■ **Prompt**:
Repeat the data that follows exactly, starting at the line with "Новини Хмельницького - фото" and ending at the line with "定価52500円 混流生産システム構築実務マニュアル - 工学一般", and leave out every picture.

==================================================

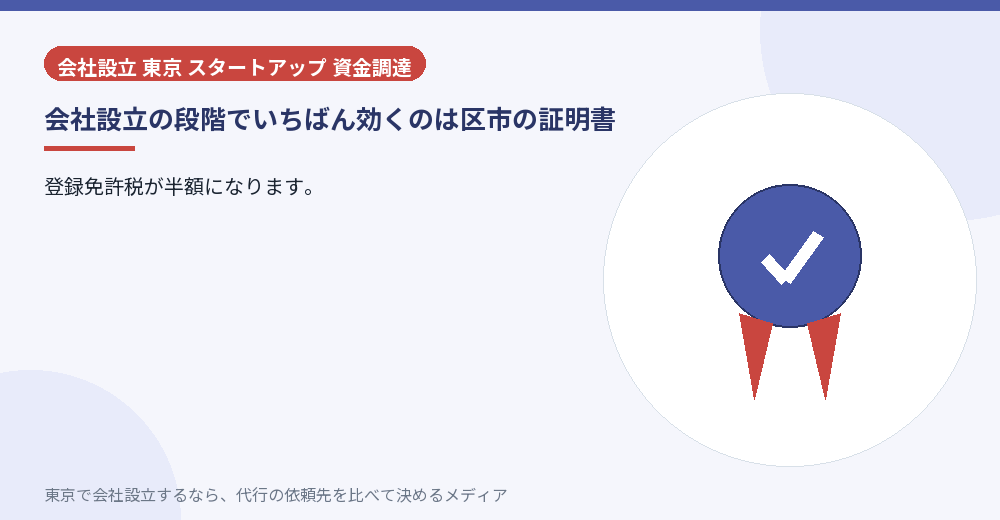 区市の証明書が効くことを示すイラスト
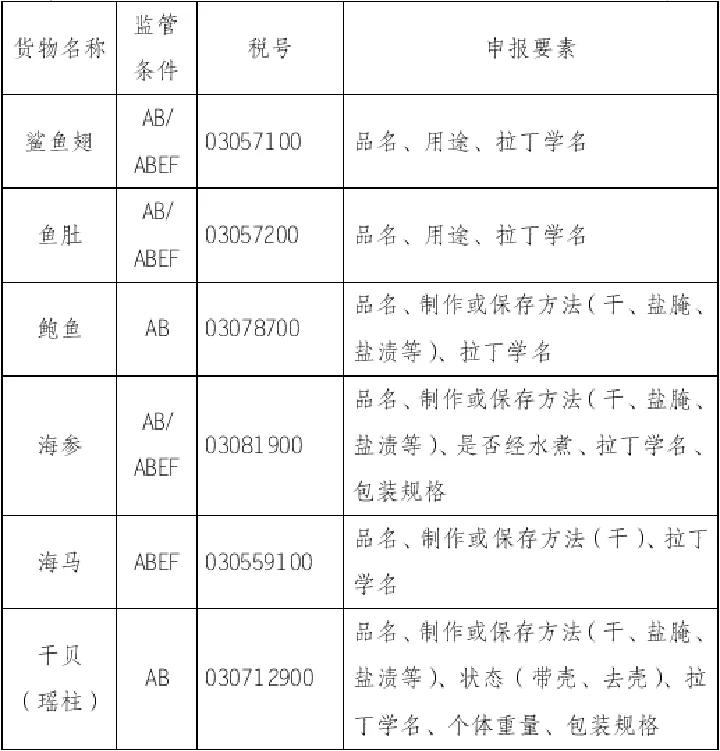 進(jìn)口外貿(mào)代理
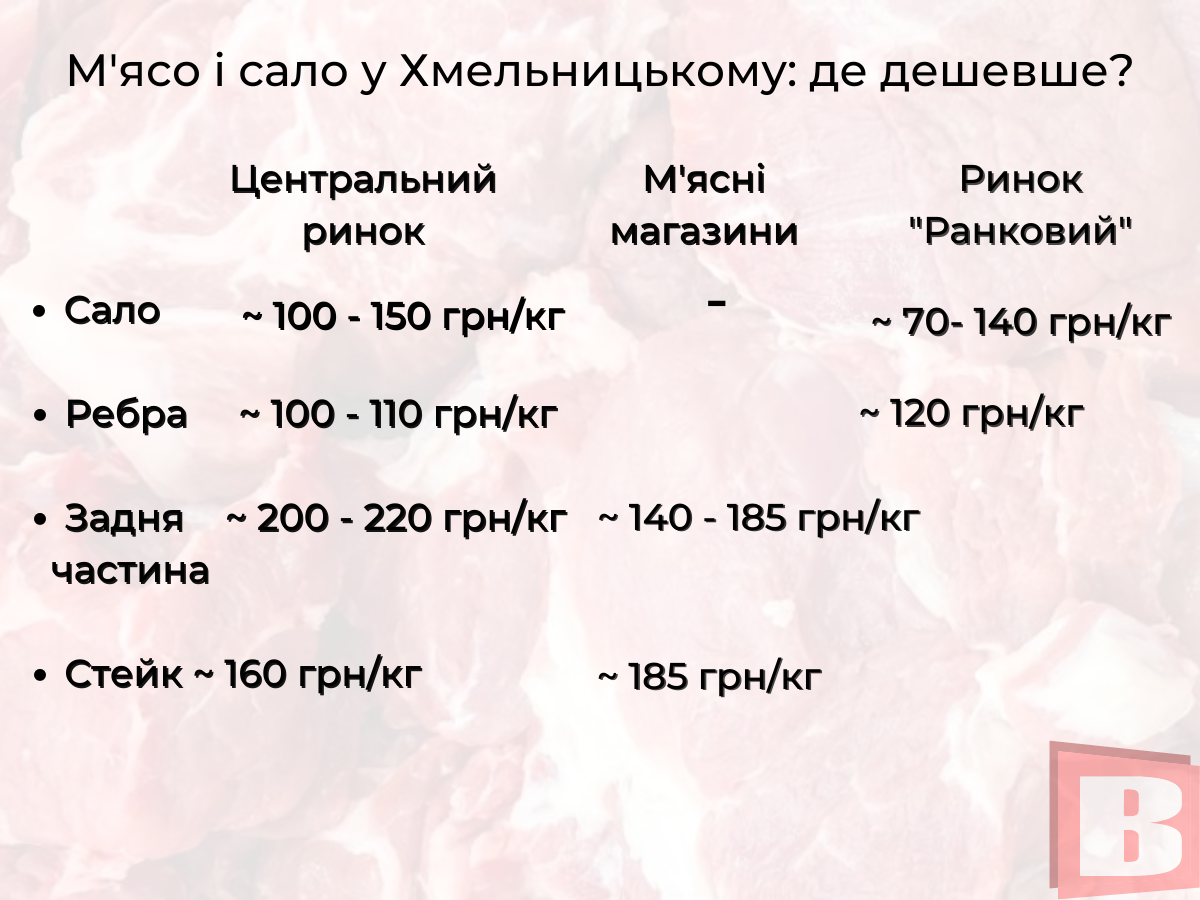 Новини Хмельницького - фото з Де дешевше? Порівняли ціни на м'ясо і сало у Хмельницькому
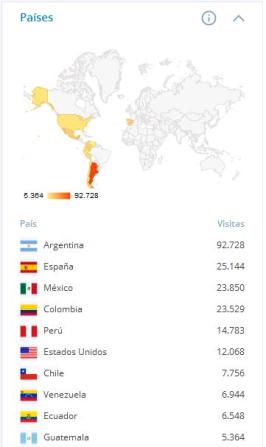 Estadísticas_2015_2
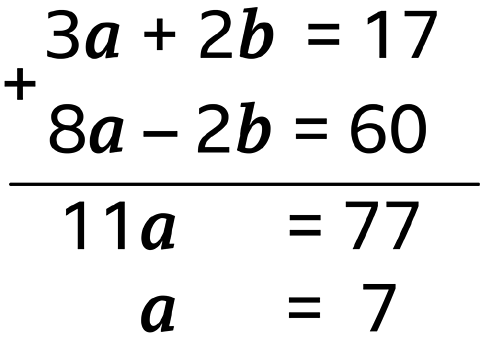 A simultaneous equation being solved algebraically. 3a + 2b = 17; 8a – 2b = 60. The 2bs cancel out, therefore 11a = 77; a = 11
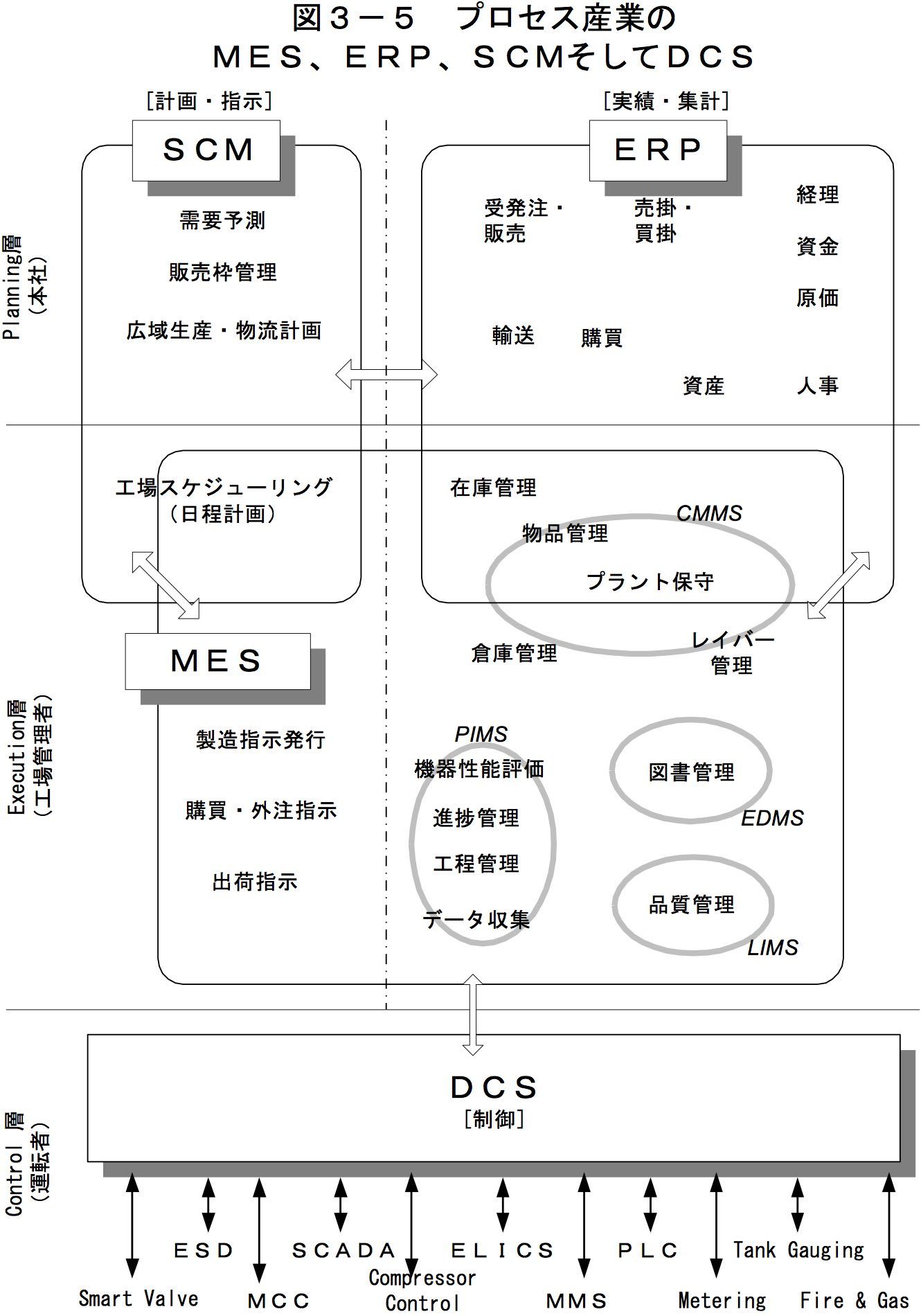 定価52500円 混流生産システム構築実務マニュアル - 工学一般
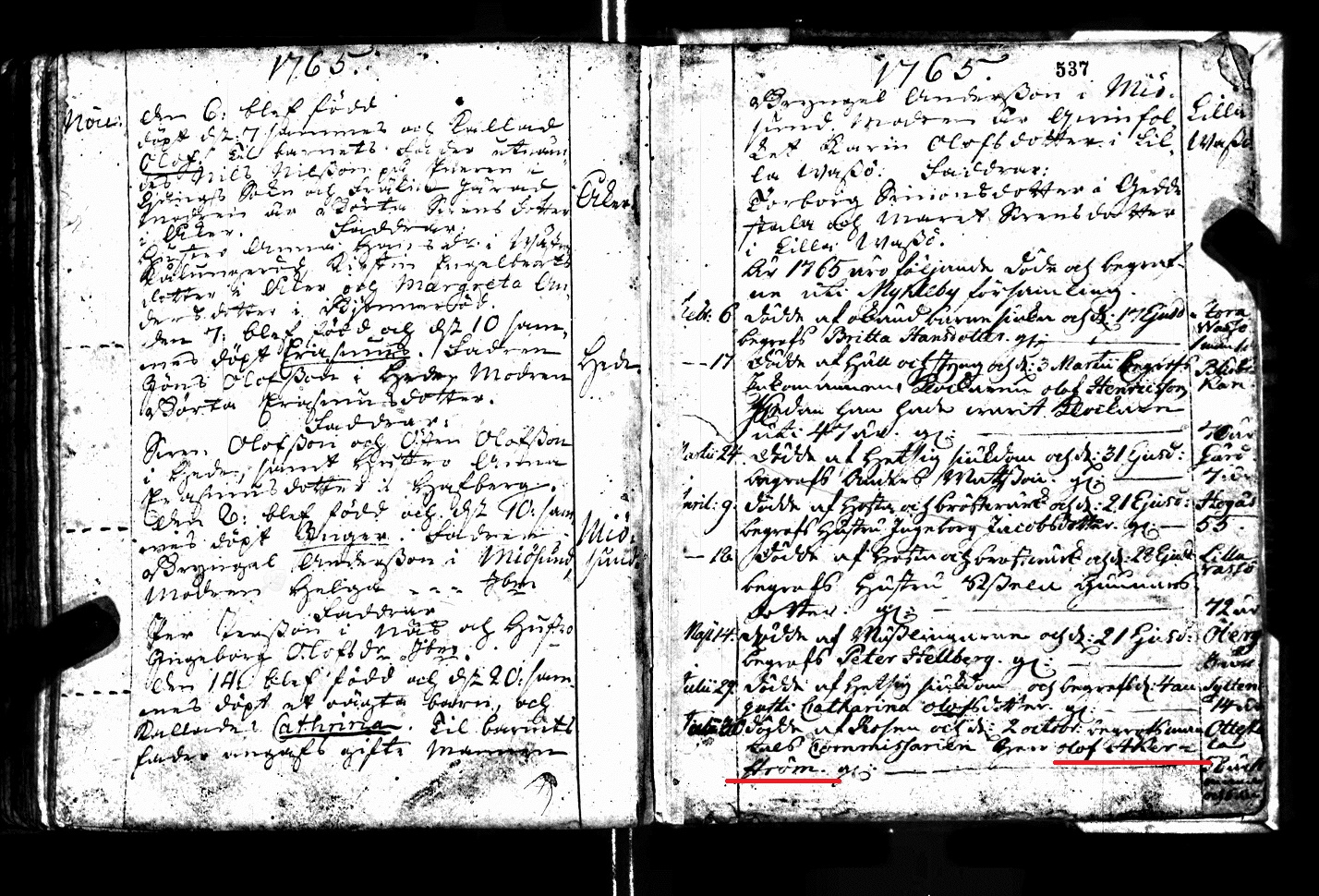 Olof Akerstrom record of death 1765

==================================================

■ **Solution to the problem**:
 Новини Хмельницького - фото з Де дешевше? Порівняли ціни на м'ясо і сало у Хмельницькому
 Estadísticas_2015_2
 A simultaneous equation being solved algebraically. 3a + 2b = 17; 8a – 2b = 60. The 2bs cancel out, therefore 11a = 77; a = 11
 定価52500円 混流生産システム構築実務マニュアル - 工学一般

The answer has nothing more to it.